- _Supplied material_
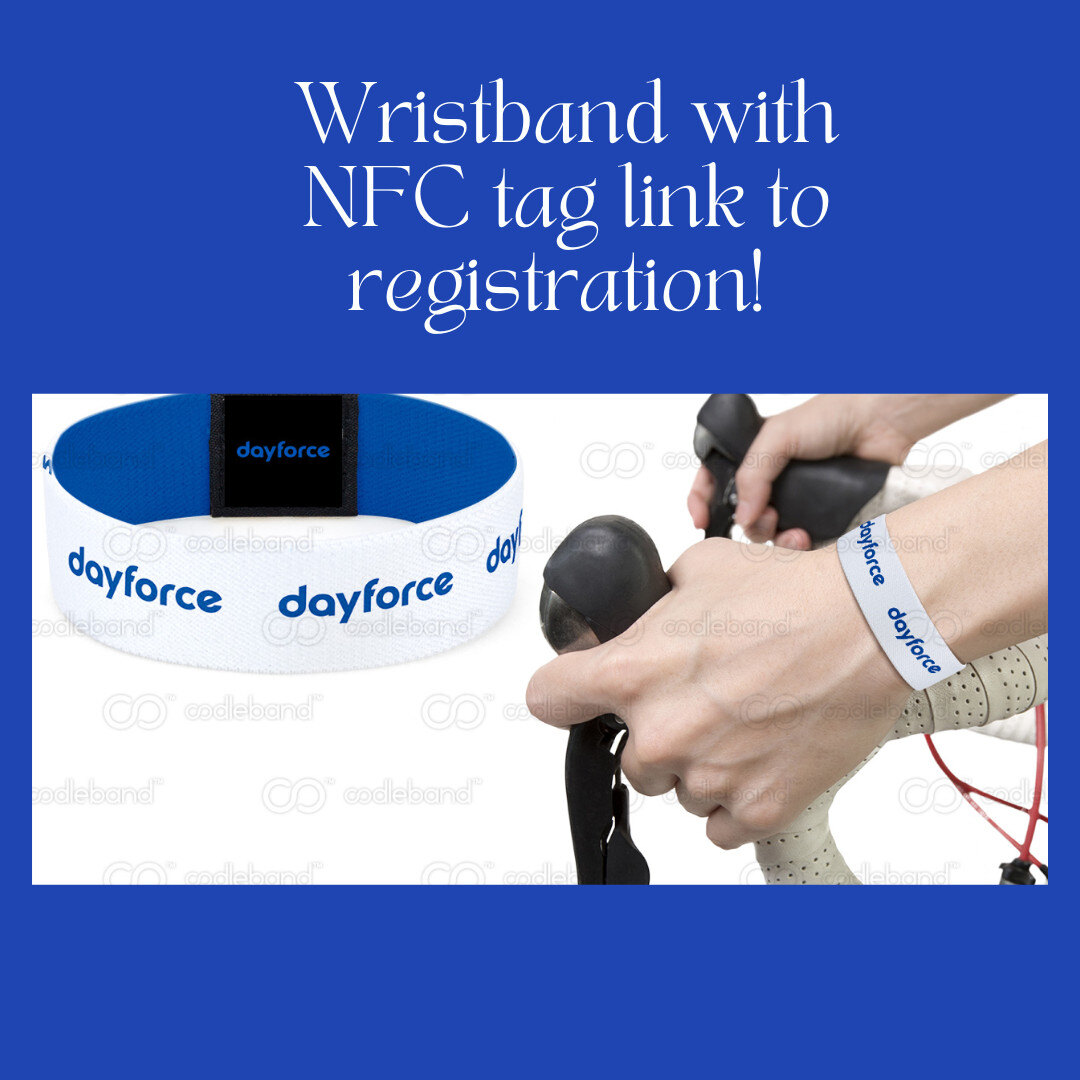 Dayforce NFC Wristband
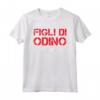 Magliette Uomo Manica Corta Odino Divertenti Valhalla - Tee Shirt Figli di Odino Valhalla - Ideale Regalo Compleanno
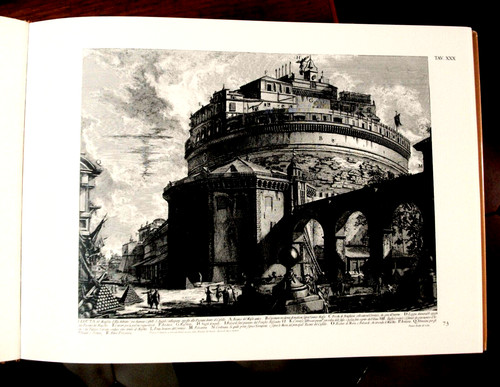Piranesi veduta mausoleo - piranesi:veduta,
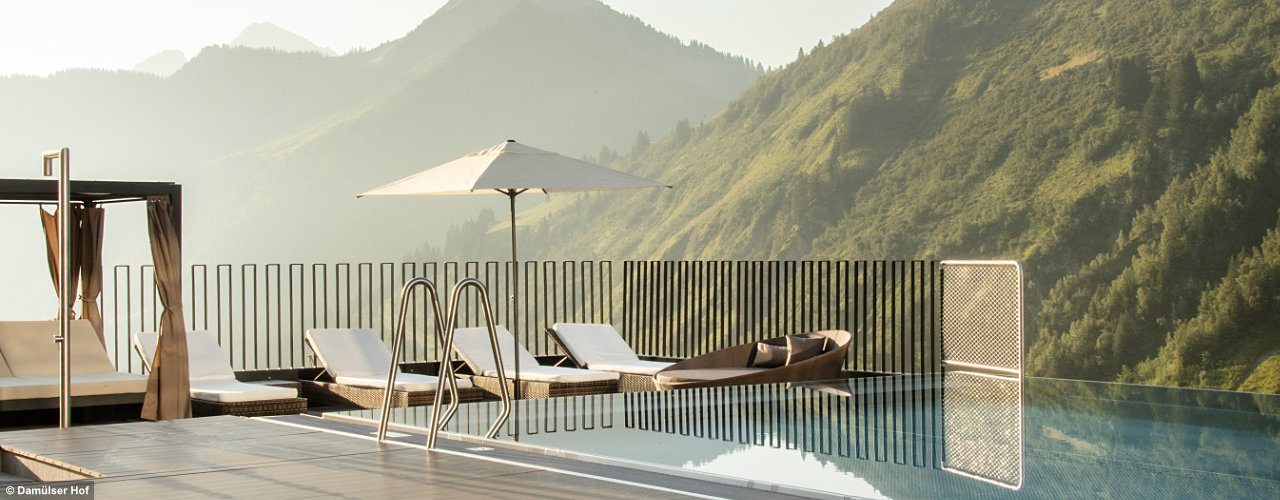 Damülser Hof im Bregenzerwald, Vorarlberg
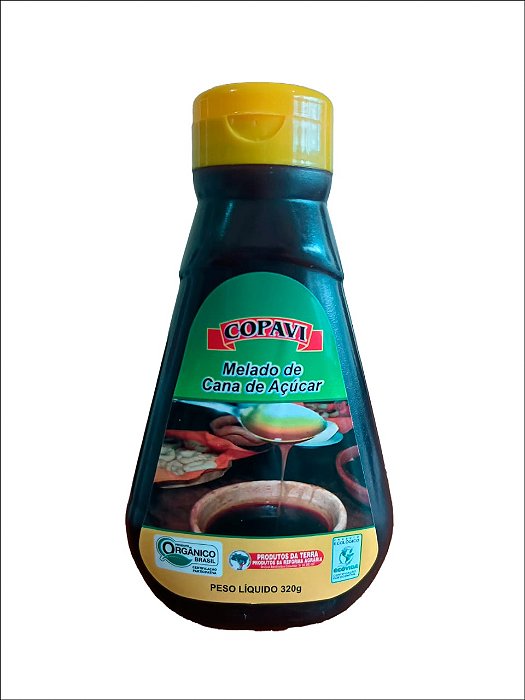 Melado Orgânico (320g)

- _Aim of the task_
From the line that contains "Magliette Uomo Manica" down to the final line of the entries above, please copy each line exactly, excluding pictures.

- _Exercise solution_
 Magliette Uomo Manica Corta Odino Divertenti Valhalla - Tee Shirt Figli di Odino Valhalla - Ideale Regalo Compleanno
Piranesi veduta mausoleo - piranesi:veduta,
 Damülser Hof im Bregenzerwald, Vorarlberg
 Melado Orgânico (320g)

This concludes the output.